Agradeció las secciones rocosas o coralinas del terreno, ya que el fondo del océano, que tenía una agradable consistencia de tierra batida los días secos, se convertía en una avenida de barro chapoteante. Al cabo de un rato se cansó de caminar (era más de mediodía cualquiera que fuese la hora local al sur de Inglaterra), así que se sentó en un bajo peñasco que emergía del océano contenido por el campo de fuerza y sacó su barra alimenticia diaria para comérsela y bebió agua fresca del tubo hidratador.
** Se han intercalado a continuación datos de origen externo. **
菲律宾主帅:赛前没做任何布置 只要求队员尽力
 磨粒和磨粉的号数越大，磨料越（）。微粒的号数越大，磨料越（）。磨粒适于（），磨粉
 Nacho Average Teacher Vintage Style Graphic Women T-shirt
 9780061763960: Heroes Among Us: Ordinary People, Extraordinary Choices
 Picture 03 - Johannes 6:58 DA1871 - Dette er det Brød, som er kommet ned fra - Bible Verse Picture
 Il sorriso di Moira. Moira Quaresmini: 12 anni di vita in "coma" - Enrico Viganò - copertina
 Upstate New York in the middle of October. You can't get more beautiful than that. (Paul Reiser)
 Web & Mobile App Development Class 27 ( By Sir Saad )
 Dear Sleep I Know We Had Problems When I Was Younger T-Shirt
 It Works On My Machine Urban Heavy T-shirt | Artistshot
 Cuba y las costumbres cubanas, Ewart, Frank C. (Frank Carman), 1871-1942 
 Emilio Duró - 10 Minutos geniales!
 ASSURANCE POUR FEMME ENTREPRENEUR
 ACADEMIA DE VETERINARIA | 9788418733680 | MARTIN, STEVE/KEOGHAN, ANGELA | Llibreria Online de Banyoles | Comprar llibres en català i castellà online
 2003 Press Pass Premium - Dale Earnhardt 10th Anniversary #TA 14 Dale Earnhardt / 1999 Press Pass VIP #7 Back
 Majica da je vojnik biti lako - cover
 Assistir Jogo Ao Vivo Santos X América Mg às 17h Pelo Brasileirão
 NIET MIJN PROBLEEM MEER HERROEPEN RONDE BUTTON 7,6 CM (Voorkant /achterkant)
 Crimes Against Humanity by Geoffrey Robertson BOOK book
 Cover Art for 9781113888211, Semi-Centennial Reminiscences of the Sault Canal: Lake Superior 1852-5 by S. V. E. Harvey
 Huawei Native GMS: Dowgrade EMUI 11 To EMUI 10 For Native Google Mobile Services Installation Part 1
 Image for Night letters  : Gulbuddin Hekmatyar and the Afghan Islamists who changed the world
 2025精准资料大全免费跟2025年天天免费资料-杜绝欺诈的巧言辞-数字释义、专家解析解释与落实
Las barras de comida (una al día) lo dejaban con hambre. Y sabían como imaginaba que debía saber el serrín. Y sólo le quedaban cuatro. No tenía ni idea de qué esperaban Próspero y Moira que hiciera cuando se quedara sin ninguna, suponiendo que le quedaran otros setenta u ochenta días de camino. ¿Funcionaría de verdad la pistola bajo el agua? Si lo hacía, ¿mataría un pez grande y podría sacarlo a la Brecha a través de la pared del campo de fuerza? Las algas secas y los restos a la deriva que el mar había arrojado eran cada vez más escasos: ¿cómo iba a cocinar ese teórico pez? Llevaba un encendedor en la mochila, parte del afilado tenedor-cuchara-navaja multiusos, y tenía un cuenco de metal que podía convertir en sartén tocando los puntos adecuados, pero ¿de verdad se suponía que tenía que pasarse horas cada día pescando....?
Harman vio otra roca, a un kilómetro al oeste. Era enorme, del tamaño de algunos de los peñascos más difíciles que había franqueado ya, y sobresalía de la pared norte del Atlántico justo antes de que el seco fondo de la Brecha se hundiera en otra profunda trinchera. Pero esa roca o arrecife de coral tenía una forma extraña. En vez de cruzar la Brecha atravesándola, parecía hundirse en el agua, desaparecer en la arena y el barro de la Brecha misma. Más que eso, parecía extrañamente redondeada, más lisa que el basalto volcánico que había estado recorriendo los últimos tres días.
Había aprendido cómo activar los controles telescópicos y de ampliación de las lentes de su termopiel, y eso hizo.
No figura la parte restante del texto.